● Exercise objective
Print every record below exactly as it stands, but leave out the pictures.

:: Information shown ::

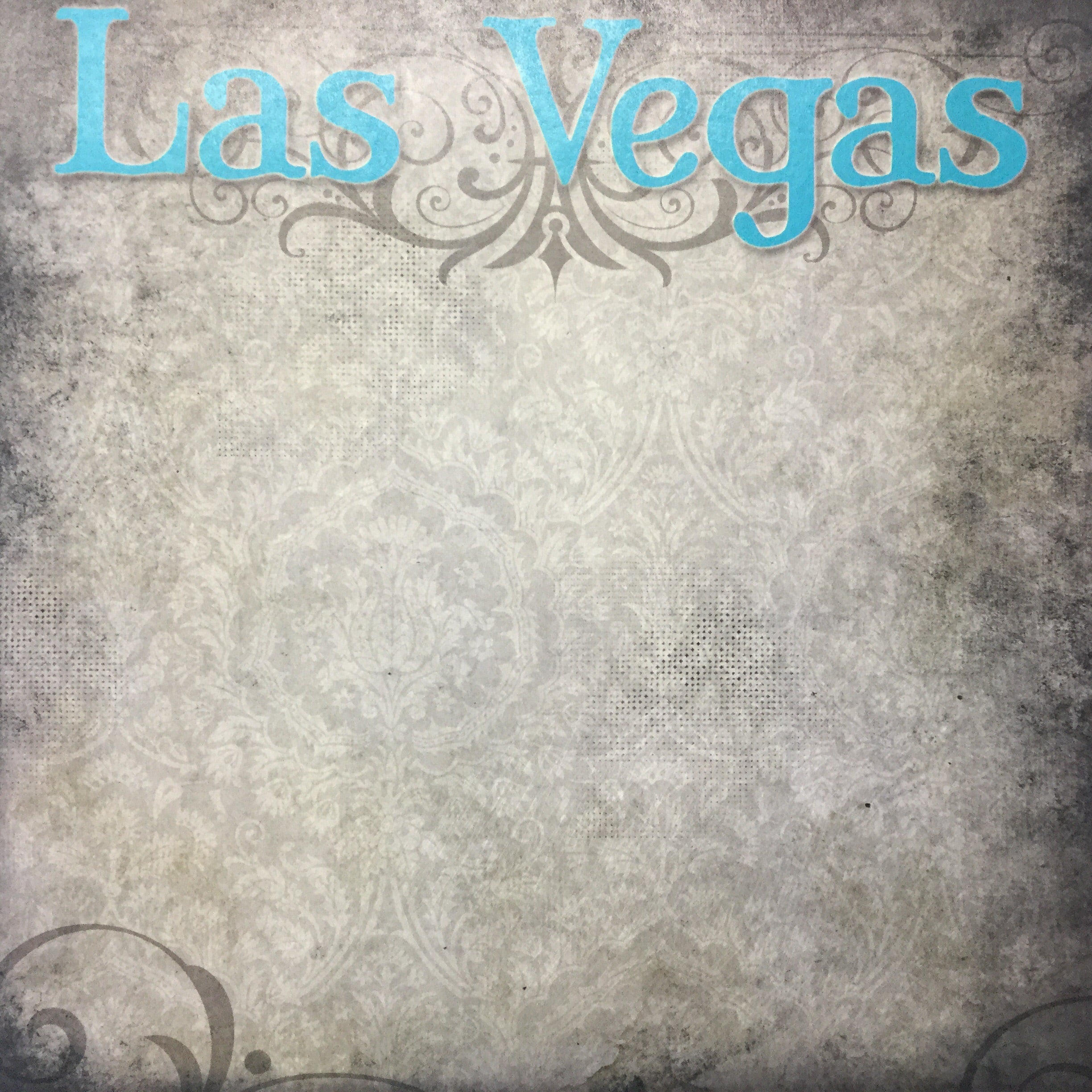 Old Antique LAS VEGAS TEAL 12&quot;X12&quot; Scrapbook Travel Paper Sheet LV @scrapbooksrus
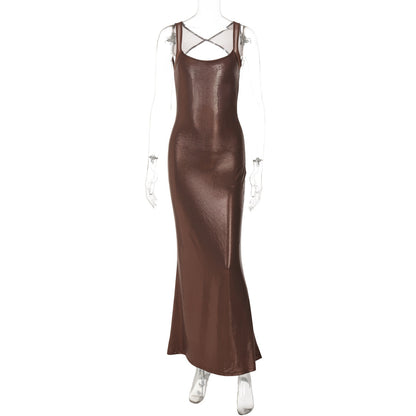 Women’s Backless Sling Dress | High Waist | Long Skirt | Street Fashion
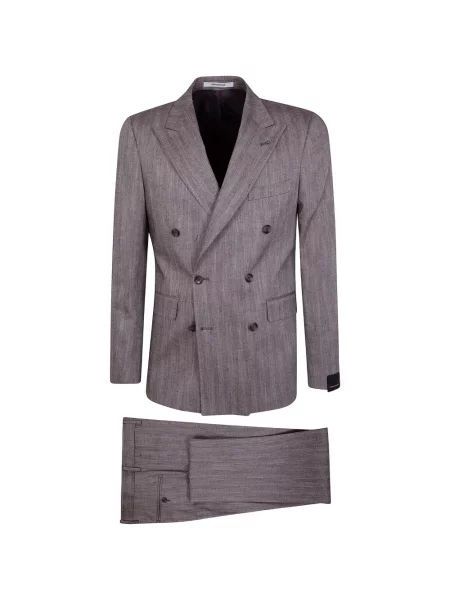 Costum Tagliatore cu model herringbone cu două rânduri de nasturi maro
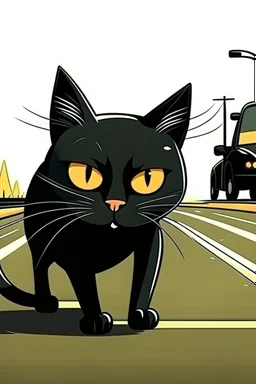 black cat hit on road cartoon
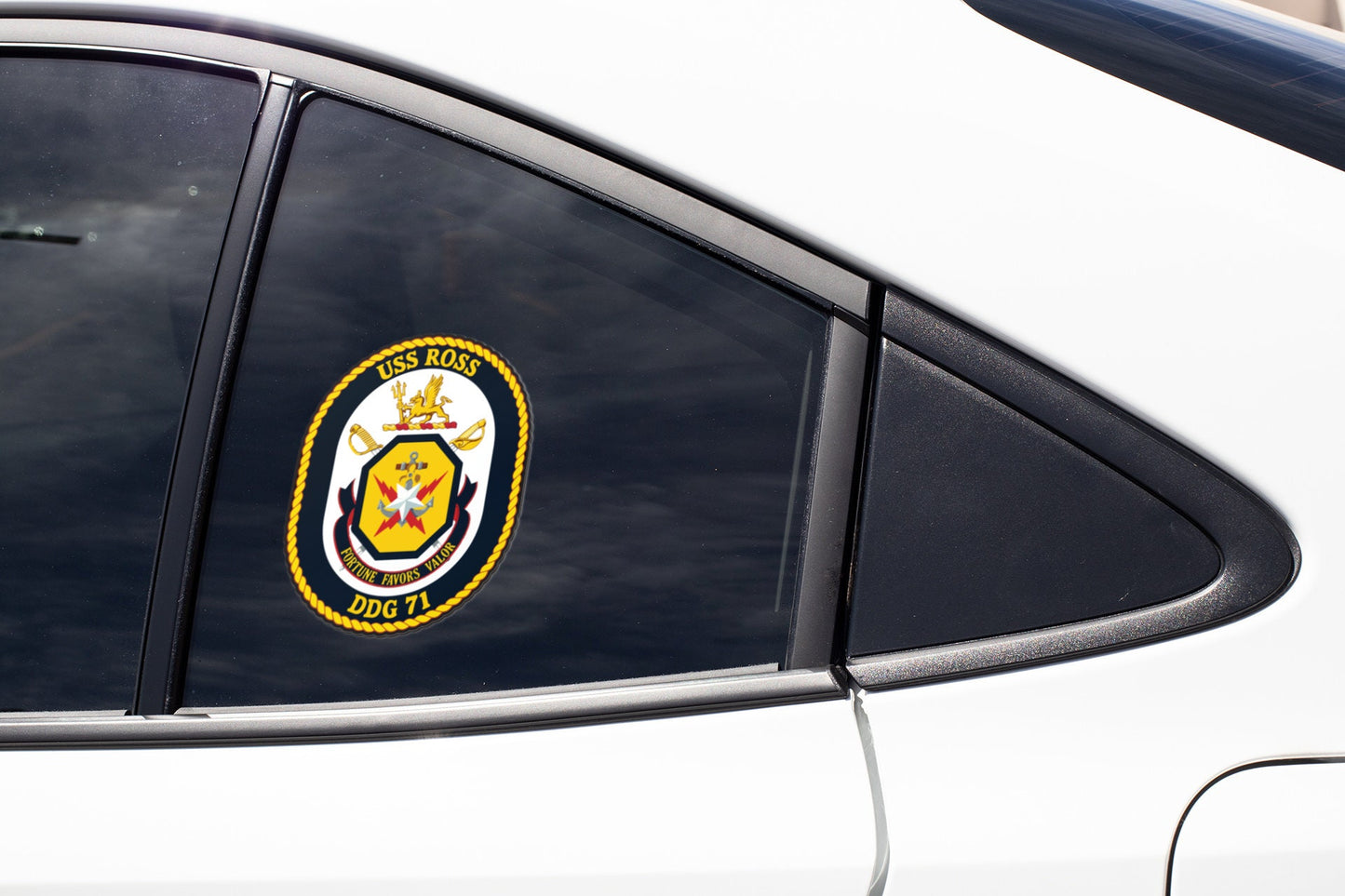 USS Ross DDG-71 Badge Sticker Decal Arleigh Burke Class Destroyer Car Sticker Bumper Sticker for Car Emblem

:::

● Response box
 Old Antique LAS VEGAS TEAL 12&quot;X12&quot; Scrapbook Travel Paper Sheet LV @scrapbooksrus
 Women’s Backless Sling Dress | High Waist | Long Skirt | Street Fashion
 Costum Tagliatore cu model herringbone cu două rânduri de nasturi maro
 black cat hit on road cartoon
 USS Ross DDG-71 Badge Sticker Decal Arleigh Burke Class Destroyer Car Sticker Bumper Sticker for Car Emblem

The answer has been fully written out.